社会生活の中で五感を用いた二段階認証が要求される場面は結構な数があるかと思います。ペンで線を引いたり、文字を書いたり、ありとあらゆる行為が二段階あるいはより多段階の認証を要求します。では、五感の一部が欠けている人や、五感の一部が弱い人にとって、その社会はどのようなものになるでしょうか。例えば視機能に制限があるひとにとって、文字を書く場面がたくさんある社会はどうなるでしょうか。そうですね、視機能を使う二段階認証が必要な社会生活の場面すべてで制限を受けることになります。そうなれば、当然、人生の難易度は跳ね上がります。
『バリアフリー』という言葉が流行ったのは一昔前の話ですが、バリアフリーな社会は実現したのでしょうか。もちろん、社会が豊かになるにあたって多段階認証はどんどん用いられるようになるものです。一方で、過度に二段階認証を要求する社会になっていないだろうか? という問いを本書を読みながら考えました。
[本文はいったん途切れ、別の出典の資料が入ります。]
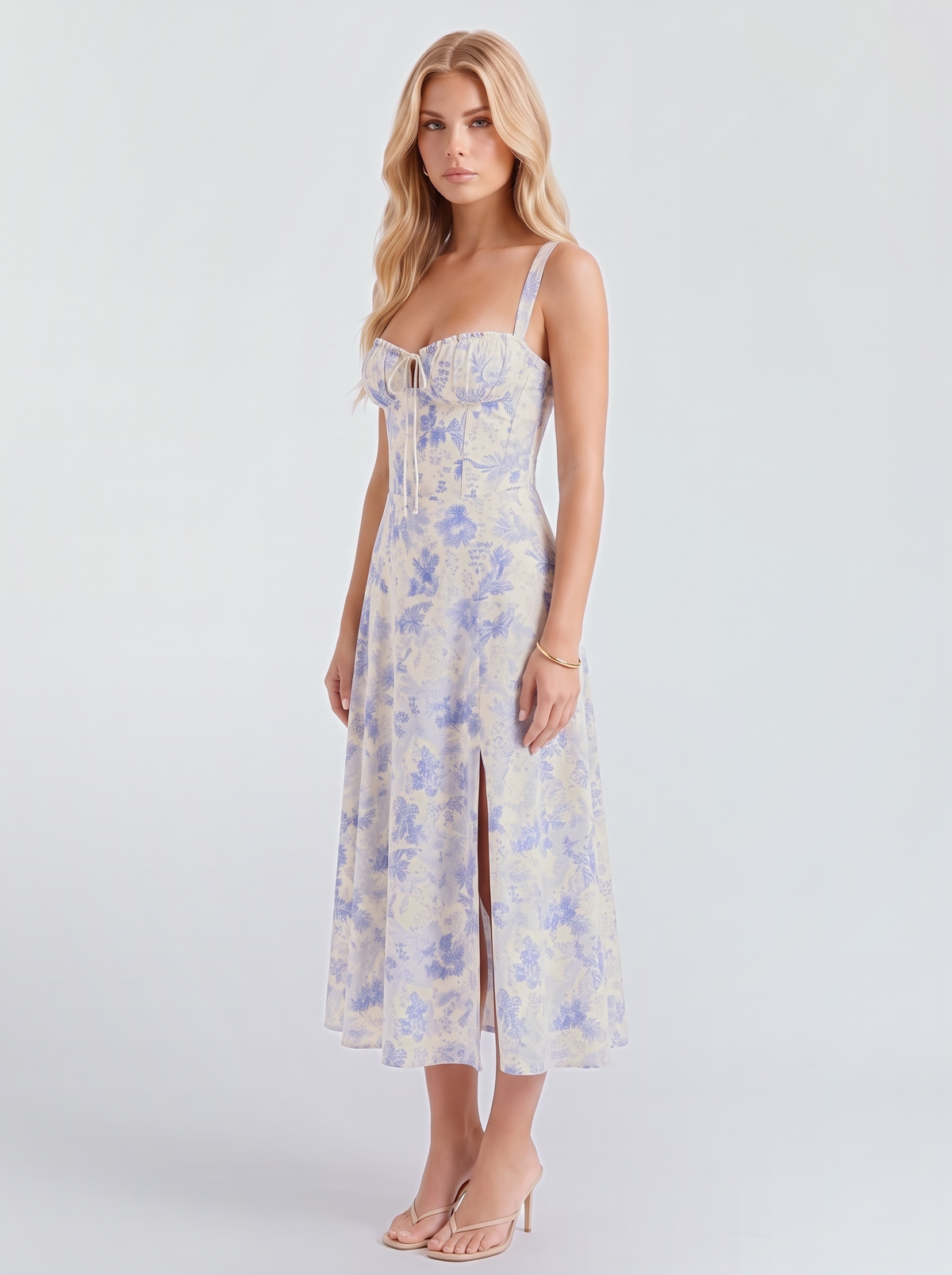 Paola Corset Midi Dress - Blue Floral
この社会で生活していくためには、障害者であろうがなかろうが、多くの人が当然にこなす程度には、社会の二段階認証をクリアする必要があります。視機能は比較的多くの健常者が活用している、いわばスマホのようなものです。もしあなたも私と同様に視機能に制限があるのならば、その制限を緩和する訓練をすると、少しだけ生きやすくなるかもしれません。本書は視機能の制限に気づき、その解除・回復をもたらすヒントになり得ると私は感じました。
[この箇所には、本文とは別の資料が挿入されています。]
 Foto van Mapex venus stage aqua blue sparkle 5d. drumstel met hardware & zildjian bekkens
もしよければ、本書を読んでみてください。もし視機能が改善したと感じたら、ぜひ教えてください。もちろん誰もが成功するとは限りません。失敗するかもしれません。挑戦の過程と試行錯誤を積み重ねて、私たちがより生きやすくなる方法を見出していけたら良いと願います。
それでは、素敵な一日をお過ごしください。